Ostatecznie, w skutek przemyśleń i bardzo dobrych wrażeń z użytkowania z nowymi wkładkami postanowiłem nie odejmować punktu, gdyż w końcu jest to element podlegający wymianie, który każdy może sobie stosunkowo małym kosztem dobrać do swoich upodobań, ale zwracam na ten element szczególną uwagę.

Wodoodporność:
Buty były jedynie woskowane woskiem Nikwax. Po tym zabiegu zapewniały wodoodporność na poziomie wystarczającym do przejścia kilku godzin w deszczu o średnio-dużej intensywności, bez przemoczenia czy nawet namoknięcia skóry. Nigdy nie udało mi się ich przemoczyć, nawet w mokrym śniegu. Jednak muszę zaznaczyć, że nigdy też nie były poddawane jakimś wielkim wyzwaniom w tym zakresie. Ot, większy deszcz, śnieg, czasami błoto pośniegowe. W moim jednak odczuciu buty zapewniają wystarczającą wodoodporność do zastosowań w naszym klimacie od wiosny do jesieni.

Oddychalność:
I tutaj nie mam zastrzeżeń. Początkowo obawiałem się, że buty wykonane w całości ze skóry licowej, bez żadnych wstawek materiałowych mogą być zbyt ciepłe na lato. Jednak nawet w czasie upałów w butach da się normalnie funkcjonować. Oczywiście, przy dużych upałach i szybkim marszu noga jest wilgotna, jednak nie powoduje to dużego dyskomfortu a skórzana wyściółka świetnie odprowadza wilgoć od stopy i nie ma się uczucia „pływania” w bucie.

Wytrzymałość:
Buty po ponad roku użytkowania nie mają większych uszkodzeń. Zrobiły się - jak to ktoś kiedyś o butach skórzanych napisał - trochę ''kapciowate'', ale nie ma to negatywnego wpływu na ich wygląd, za to bardzo pozytywnie wpływa na wygodę. Kilka drobnych zadrapań spowodowanych otarciami o skały jest najnormalniejszymi śladami użytkowania z którymi należy się liczyć w butach tego rodzaju. Sznurowadła są mocne ale czasami lubią się rozwiązać - podwójny węzeł rozwiązuje problem. Wszystkie szwy są całe i trzymają się mocno, nic się nie odkleiło ani nie odpruło.

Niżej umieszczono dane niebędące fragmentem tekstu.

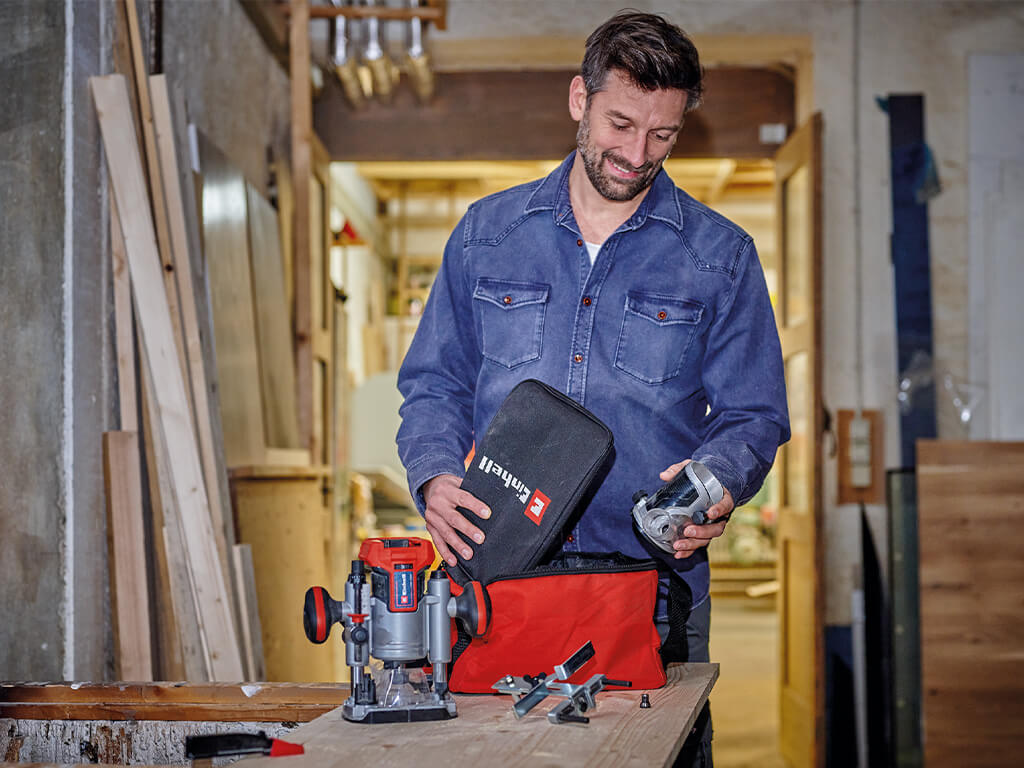 A man packs the accessories of the Einhell cordless router and edger set into the accompanying bag.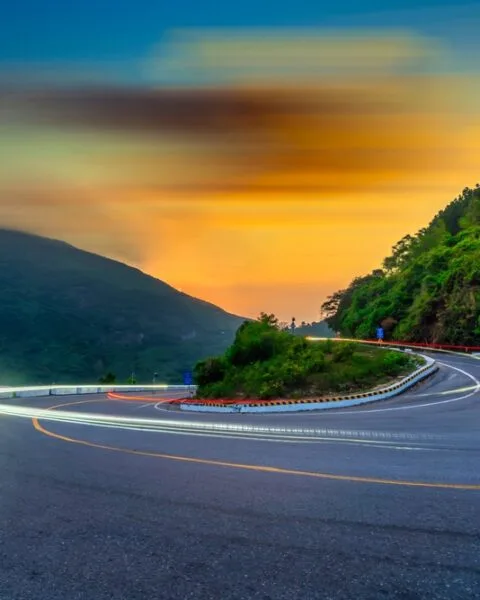 Hai Van Pass: Curvy mountain road with light trails at dusk in Vietnam, symbolising Public-Private Partnerships Vietnam projects.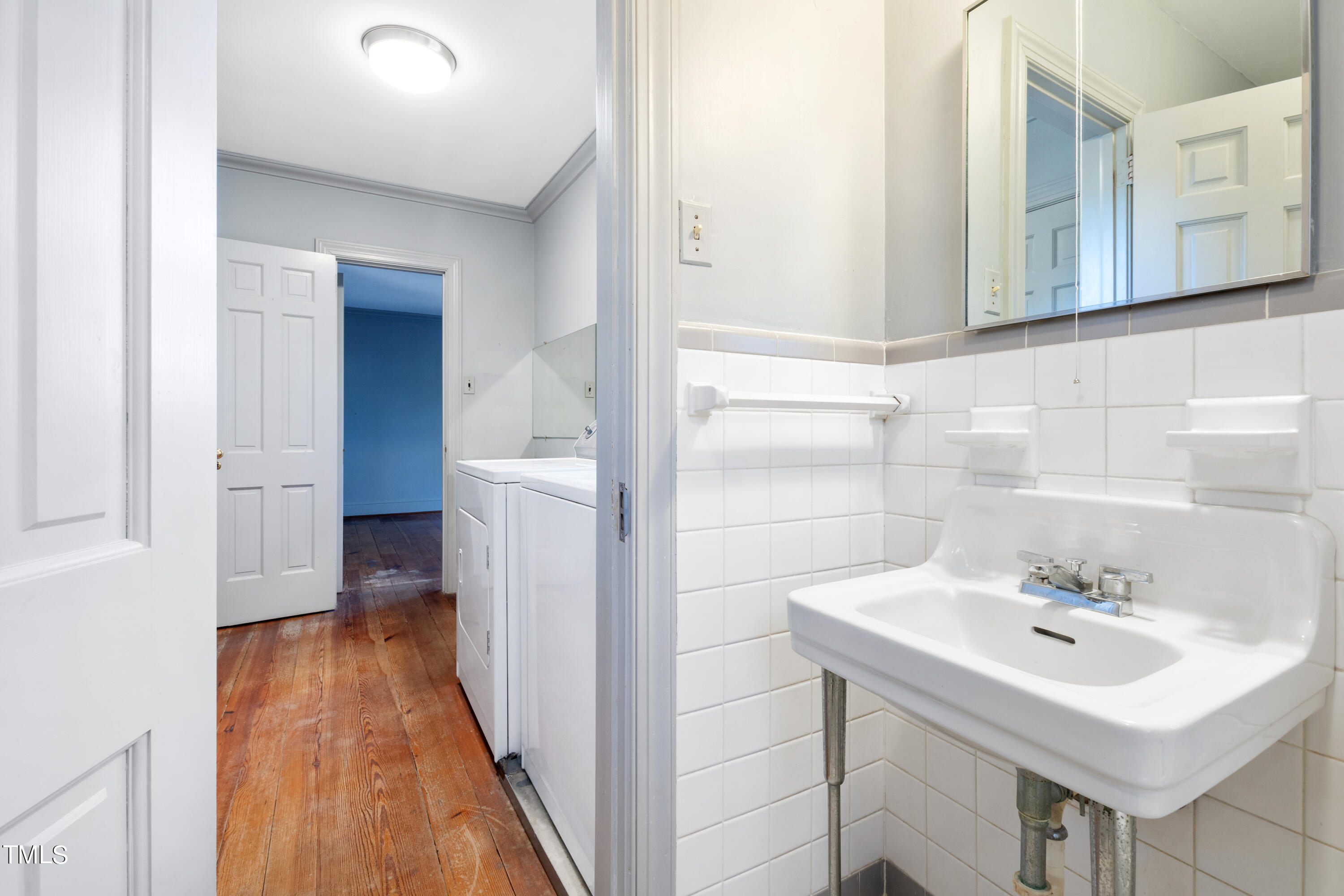 2522 Wake Drive Raleigh, NC 27608 - Photo 33 of 49 a bathroom with a sink a mirror and a toilet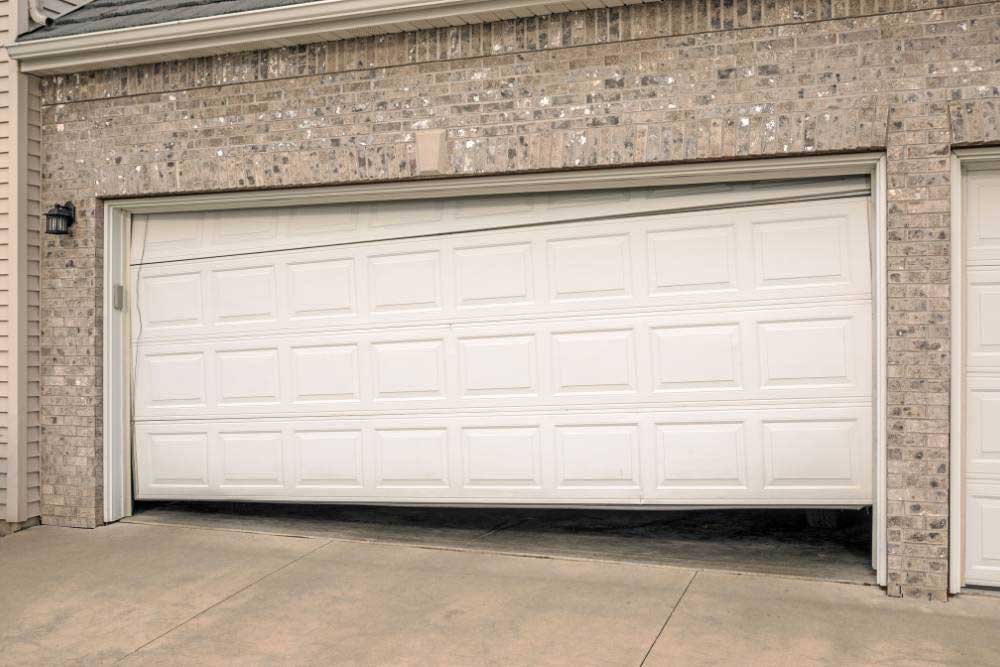 off-track-door-1 Off Track Garage Door Repair in Green Bay & Appleton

Podeszwa mimo iż w pewnej mierze była eksploatowana w mieście nie zużyła się w sposób znaczący.

Podsumowanie:
Z zakupu jestem bardzo zadowolony. Stałem się posiadaczem bardzo wygodnych i solidnych butów za połowę kwoty, którą planowałem przeznaczyć na ten cel. Moim zdaniem buty te są świetnym wyborem dla osób poszukujących wygodnych, trwałych, skórzanych, butów bez membrany. Myślę, że spokojnie mogą one stanowić alternatywę dla zachodnich, znacznie droższych marek.

Zalety:
+wygoda
+oddychalność (jak na buty wykonane w całości ze skóry)
+podeszwa
+wytrzymałość
+cena (głw. stosunek cena/jakość!)
+gumowy nosek
+wodoodporność
+wygląd:)

Wady:
-wkładki(!)
-podeszwa bardzo ślizga się na śniegu i lodzie

OCENA PRODUKTU:

Oddychalność: 4/5
Podeszwa: 4/5
Wodoodporność: 4/5
Wygoda: 5/5
Wytrzymałość: 5/5
Ogólna: 4.40/5



Odpowiedz
#2
DATA RECENZJI:
13-09-2011, 15:46

Zakup i budowa
Swoje Hanzle 003 kupiłem w kwietniu 2010 roku w sklepie firmowym w Krakowie. Kosztowały 350 zł, dostałem gwarancję na dwa lata.
Buty są wykonane ze skóry licowej, podszewka także ze skóry, język zszyty cordurą, bez izolacji, bez membrany, bez gumowego otoka noska.

Użytkowanie
Łącznie około półtora roku. Najczęściej Bieszczady, Beskidy, rzadziej Tatry. W zimie i późnej jesieni codziennie po mieście. Do tego zawsze zabieram je w las i każdy inny wypad terenowy niezależnie od pory roku.

Podeszwa
Zastosowana podeszwa to Vibram Baltra. Jestem z niej zadowolony, zapewnia dobrą przyczepność zarówno na skałach, niższych górkach, w lesie, na drodze. Na śniegu jest ok o ile nie jest on ubity, w przeciwnym wypadku jest ślisko, to raczej oczywista sprawa.
Amortyzacja jest średnia, ani na plus, ani na minus. Po asfalcie chodzi się raczej dobrze, kolana ani stopy nie bolą.
Daję 4, ponieważ nie jestem zadowolony z podpodeszwy. Jest dla mnie zbyt miękka. Jej twardość określiłbym jako średnią, ale dla mnie to za mało. To są raczej osobiste preferencje, mi po prostu przeszkadza wyczuwanie kamieni pod butem.

Wygoda
Buty są bardzo wygodne, ale mają jeden mankament, o którym za chwilę. Delikatna skóra w środku jest miękka i bardzo przyjazna dla stopy, całość dobrze przylega i mocno trzyma kostkę. Okres dotarcia buta był bardzo krótki, jeden, dwa dni, bez żadnych otarć. Sporo osób ma zastrzeżenia do wkładki, ja ich nie mam. Według mnie jest wygodna, nie zniszczyła się ani trochę, dobrze spełnia swoją funkcję. Po zakupie buty zrobiły na mnie tak duże wrażenie wygodą, że przez pewien czas chodziłem w nich wszędzie gdzie tylko się dało chodzić w butach. ;) Chociaż to też kwestia tego, że moje stopy uwielbiają skórę wewnątrz buta.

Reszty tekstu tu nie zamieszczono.